YOUR INSTRUCTIONS
Nothing in the records should differ when you write them out again.
○ ○ ○
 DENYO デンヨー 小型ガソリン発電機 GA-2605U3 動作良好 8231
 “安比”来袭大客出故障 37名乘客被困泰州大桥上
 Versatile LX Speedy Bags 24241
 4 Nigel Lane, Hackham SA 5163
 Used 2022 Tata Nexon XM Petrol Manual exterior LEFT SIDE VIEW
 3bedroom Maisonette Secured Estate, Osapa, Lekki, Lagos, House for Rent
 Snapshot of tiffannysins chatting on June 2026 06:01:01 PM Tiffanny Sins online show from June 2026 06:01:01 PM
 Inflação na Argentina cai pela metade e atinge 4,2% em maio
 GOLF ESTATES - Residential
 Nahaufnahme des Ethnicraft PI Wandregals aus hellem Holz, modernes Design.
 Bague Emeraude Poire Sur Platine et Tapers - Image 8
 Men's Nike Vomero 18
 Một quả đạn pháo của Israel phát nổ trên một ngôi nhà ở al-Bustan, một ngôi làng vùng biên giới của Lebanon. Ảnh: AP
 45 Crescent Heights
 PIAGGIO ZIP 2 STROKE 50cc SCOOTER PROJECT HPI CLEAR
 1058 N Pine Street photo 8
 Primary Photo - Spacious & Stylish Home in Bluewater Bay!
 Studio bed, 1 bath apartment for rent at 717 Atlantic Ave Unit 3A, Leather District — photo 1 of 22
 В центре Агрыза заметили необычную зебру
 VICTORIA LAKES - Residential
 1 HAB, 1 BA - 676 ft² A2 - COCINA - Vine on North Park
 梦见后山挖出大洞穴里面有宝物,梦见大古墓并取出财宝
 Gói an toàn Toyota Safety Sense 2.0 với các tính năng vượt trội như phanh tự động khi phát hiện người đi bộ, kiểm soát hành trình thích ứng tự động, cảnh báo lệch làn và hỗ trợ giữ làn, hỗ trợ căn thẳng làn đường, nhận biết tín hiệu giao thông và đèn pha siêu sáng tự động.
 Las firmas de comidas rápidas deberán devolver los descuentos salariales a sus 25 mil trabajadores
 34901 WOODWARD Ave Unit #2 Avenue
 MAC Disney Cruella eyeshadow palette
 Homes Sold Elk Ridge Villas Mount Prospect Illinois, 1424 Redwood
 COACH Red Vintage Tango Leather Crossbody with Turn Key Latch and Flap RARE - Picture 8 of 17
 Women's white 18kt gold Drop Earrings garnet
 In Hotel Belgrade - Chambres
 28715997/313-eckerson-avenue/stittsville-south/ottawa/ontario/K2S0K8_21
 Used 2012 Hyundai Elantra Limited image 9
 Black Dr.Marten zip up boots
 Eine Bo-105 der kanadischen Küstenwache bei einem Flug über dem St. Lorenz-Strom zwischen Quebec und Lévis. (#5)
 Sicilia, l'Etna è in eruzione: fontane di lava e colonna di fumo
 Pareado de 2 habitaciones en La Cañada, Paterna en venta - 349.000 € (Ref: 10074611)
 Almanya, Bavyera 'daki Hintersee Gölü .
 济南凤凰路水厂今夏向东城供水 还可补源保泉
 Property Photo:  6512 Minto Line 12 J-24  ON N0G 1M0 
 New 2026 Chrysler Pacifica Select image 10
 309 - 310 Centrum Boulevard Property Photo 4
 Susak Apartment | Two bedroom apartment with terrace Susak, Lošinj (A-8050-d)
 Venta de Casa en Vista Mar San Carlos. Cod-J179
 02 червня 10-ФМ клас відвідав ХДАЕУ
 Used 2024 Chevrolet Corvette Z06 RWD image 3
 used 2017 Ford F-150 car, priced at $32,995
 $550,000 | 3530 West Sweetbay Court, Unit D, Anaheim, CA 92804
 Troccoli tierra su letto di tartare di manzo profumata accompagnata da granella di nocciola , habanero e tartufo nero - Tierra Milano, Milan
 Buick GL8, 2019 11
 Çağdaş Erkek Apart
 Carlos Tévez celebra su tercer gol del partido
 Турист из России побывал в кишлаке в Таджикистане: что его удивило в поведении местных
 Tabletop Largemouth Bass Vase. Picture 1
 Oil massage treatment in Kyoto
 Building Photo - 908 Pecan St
○ ○ ○
WRITTEN SOLUTION
 DENYO デンヨー 小型ガソリン発電機 GA-2605U3 動作良好 8231
 “安比”来袭大客出故障 37名乘客被困泰州大桥上
 Versatile LX Speedy Bags 24241
 4 Nigel Lane, Hackham SA 5163
 Used 2022 Tata Nexon XM Petrol Manual exterior LEFT SIDE VIEW
 3bedroom Maisonette Secured Estate, Osapa, Lekki, Lagos, House for Rent
 Snapshot of tiffannysins chatting on June 2026 06:01:01 PM Tiffanny Sins online show from June 2026 06:01:01 PM
 Inflação na Argentina cai pela metade e atinge 4,2% em maio
 GOLF ESTATES - Residential
 Nahaufnahme des Ethnicraft PI Wandregals aus hellem Holz, modernes Design.
 Bague Emeraude Poire Sur Platine et Tapers - Image 8
 Men's Nike Vomero 18
 Một quả đạn pháo của Israel phát nổ trên một ngôi nhà ở al-Bustan, một ngôi làng vùng biên giới của Lebanon. Ảnh: AP
 45 Crescent Heights
 PIAGGIO ZIP 2 STROKE 50cc SCOOTER PROJECT HPI CLEAR
 1058 N Pine Street photo 8
 Primary Photo - Spacious & Stylish Home in Bluewater Bay!
 Studio bed, 1 bath apartment for rent at 717 Atlantic Ave Unit 3A, Leather District — photo 1 of 22
 В центре Агрыза заметили необычную зебру
 VICTORIA LAKES - Residential
 1 HAB, 1 BA - 676 ft² A2 - COCINA - Vine on North Park
 梦见后山挖出大洞穴里面有宝物,梦见大古墓并取出财宝
 Gói an toàn Toyota Safety Sense 2.0 với các tính năng vượt trội như phanh tự động khi phát hiện người đi bộ, kiểm soát hành trình thích ứng tự động, cảnh báo lệch làn và hỗ trợ giữ làn, hỗ trợ căn thẳng làn đường, nhận biết tín hiệu giao thông và đèn pha siêu sáng tự động.
 Las firmas de comidas rápidas deberán devolver los descuentos salariales a sus 25 mil trabajadores
 34901 WOODWARD Ave Unit #2 Avenue
 MAC Disney Cruella eyeshadow palette
 Homes Sold Elk Ridge Villas Mount Prospect Illinois, 1424 Redwood
 COACH Red Vintage Tango Leather Crossbody with Turn Key Latch and Flap RARE - Picture 8 of 17
 Women's white 18kt gold Drop Earrings garnet
 In Hotel Belgrade - Chambres
 28715997/313-eckerson-avenue/stittsville-south/ottawa/ontario/K2S0K8_21
 Used 2012 Hyundai Elantra Limited image 9
 Black Dr.Marten zip up boots
 Eine Bo-105 der kanadischen Küstenwache bei einem Flug über dem St. Lorenz-Strom zwischen Quebec und Lévis. (#5)
 Sicilia, l'Etna è in eruzione: fontane di lava e colonna di fumo
 Pareado de 2 habitaciones en La Cañada, Paterna en venta - 349.000 € (Ref: 10074611)
 Almanya, Bavyera 'daki Hintersee Gölü .
 济南凤凰路水厂今夏向东城供水 还可补源保泉
 Property Photo:  6512 Minto Line 12 J-24  ON N0G 1M0 
 New 2026 Chrysler Pacifica Select image 10
 309 - 310 Centrum Boulevard Property Photo 4
 Susak Apartment | Two bedroom apartment with terrace Susak, Lošinj (A-8050-d)
 Venta de Casa en Vista Mar San Carlos. Cod-J179
 02 червня 10-ФМ клас відвідав ХДАЕУ
 Used 2024 Chevrolet Corvette Z06 RWD image 3
 used 2017 Ford F-150 car, priced at $32,995
 $550,000 | 3530 West Sweetbay Court, Unit D, Anaheim, CA 92804
 Troccoli tierra su letto di tartare di manzo profumata accompagnata da granella di nocciola , habanero e tartufo nero - Tierra Milano, Milan
 Buick GL8, 2019 11
 Çağdaş Erkek Apart
 Carlos Tévez celebra su tercer gol del partido
 Турист из России побывал в кишлаке в Таджикистане: что его удивило в поведении местных
 Tabletop Largemouth Bass Vase. Picture 1
 Oil massage treatment in Kyoto
 Building Photo - 908 Pecan St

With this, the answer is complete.